Database of 2,000 Flu Genomes Open for Vaccine Makers

ROCKVILLE, Maryland, February 23, 2007 (ENS) - The genetic blueprints of more than 2,000 human and avian influenza viruses taken from samples around the world now are available in a public database to scientists everywhere for use in developing new vaccines and therapies.

The Influenza Genome Sequencing Project, began in 2004, is funded by the National Institute of Allergy and Infectious Diseases, NIAID, one of the National Institutes of Health.

"This information will help scientists understand how influenza viruses evolve and spread," NIH Director Dr. Elias Zerhouni said Wednesday, "and it will aid in the development of new flu vaccines, therapies and diagnostics."


Dr. Elias Zerhouni is director of the National Institutes of Health. (Photo courtesy NIH)
The project has been carried out at the Microbial Sequencing Center, managed by The Institute for Genomic Research, TIGR, of Rockville, Maryland.

The Center will sequence more flu strains and samples and make all sequence data freely available to the scientific community and the public through GenBank.

The Internet accessible database of genetic sequences is maintained by the National Center for Biotechnology Information at NIH's National Library of Medicine, another major contributor to the project.

Collaborators on the project include the U.S. Centers for Disease Control and Prevention; the World Organization for Animal Health/Food and Agriculture Organization Reference Laboratory for Newcastle Disease and Avian Influenza in Padova, Italy; and Canterbury Health Laboratories in Christchurch, New Zealand.

“Scientists around the world can use the sequence data to compare different strains of the virus, identify the genetic factors that determine their virulence, and look for new therapeutic, vaccine and diagnostic targets,” says NIAID Director Anthony Fauci, M.D.
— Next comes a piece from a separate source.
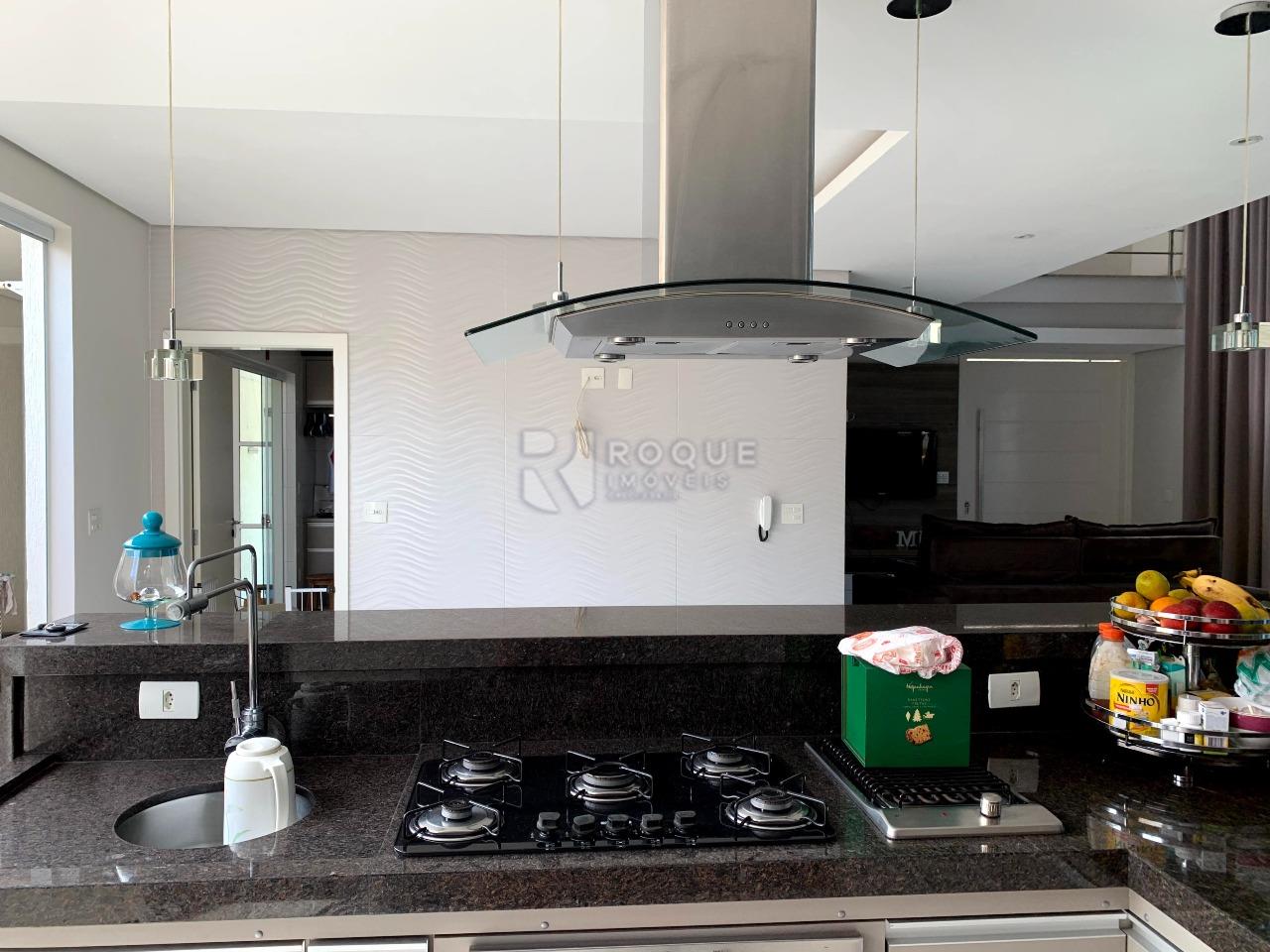 Casa em condomínio à venda no bairro Residencial Jardim dos Ipês:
The project is directed by David Spiro, Ph.D., and Claire Fraser, Ph.D., at TIGR and Elodie Ghedin, Ph.D., at the University of Pittsburgh School of Medicine.


Dr. Elodie Ghedin sits in front of the image of an influenza genome. (Photo courtesy University of Pittsburgh School of Medicine)
While deciphering genetic code was once a lengthy and laborious process, automated technology now allows for rapid, large-scale genomic sequencing.

Recently, growing sequencing capacity has enabled the production rate to increase to more than 200 viral genomes per month.

Seasonal influenza is a major public health concern in the United States, accounting for approximately 36,000 deaths and 200,000 hospitalizations each year.

Globally, influenza results in an estimated 250,000 to half a million deaths annually.

Seasonal flu shots are updated every year to target the latest strains in circulation. Developing such vaccines is challenging, however, because the influenza virus is prone to high mutation rates when it replicates, and these mutations can alter the virus enough that vaccines against one strain may not protect against another strain.

An even greater concern is the potential for an influenza pandemic caused by the emergence of a new, highly lethal virus strain that is easily transmitted from person to person.

Health experts worry that the H5N1 viral strain of avian influenza that has caused ... human deaths in ... countries as well as the deaths of hundreds of millions of poultry might mutate into a virus that easily spreads from human to human.

At the same time, progress is being made in developing a vaccine against the H5N1 virus.

Last week, the World Health Organization, WHO, said 16 manufacturers from 10 countries are developing prototype pandemic influenza vaccines to immunize humans against H5N1 avian influenza virus. Five of them are also involved in the development of vaccines against other avian viruses (H9N2, H5N2, and H5N3).

At present, more then 40 clinical trials have been completed or are ongoing. Most of them have focused on healthy adults. Some companies, after completing safety analyses in adults, have initiated clinical trials in the elderly and in children. All vaccines were safe and well tolerated in all age groups tested.

For the first time, results presented at a meeting February 16 at the WHO headquarters in Geneva have convincingly demonstrated that vaccination with newly developed avian influenza vaccines can bring about a potentially protective immune response against strains of H5N1 virus found in a variety of locations.

Some of the vaccines work with low doses of antigen, which means that significantly more vaccine doses can be available in case of a pandemic.

In spite of the encouraging progress, WHO stresses that the world still lacks the manufacturing capacity to meet potential global pandemic influenza vaccine demand. Current capacity is estimated at less than 400 million doses per year of trivalent seasonal influenza vaccine.

In response to this challenge, WHO launched in 2006 the Global pandemic influenza action plan to increase vaccine supply, a US$10 billion effort over 10 years.

One of its aims is to enable developing countries to establish their own influenza vaccine production facilities through transfer of technology, providing them with the most sustainable and reliable response to the threat of pandemic influenza.

WHO is currently working with several vaccine producers, mainly in developing countries affected by H5N1, to facilitate establishment of in-country influenza vaccine production.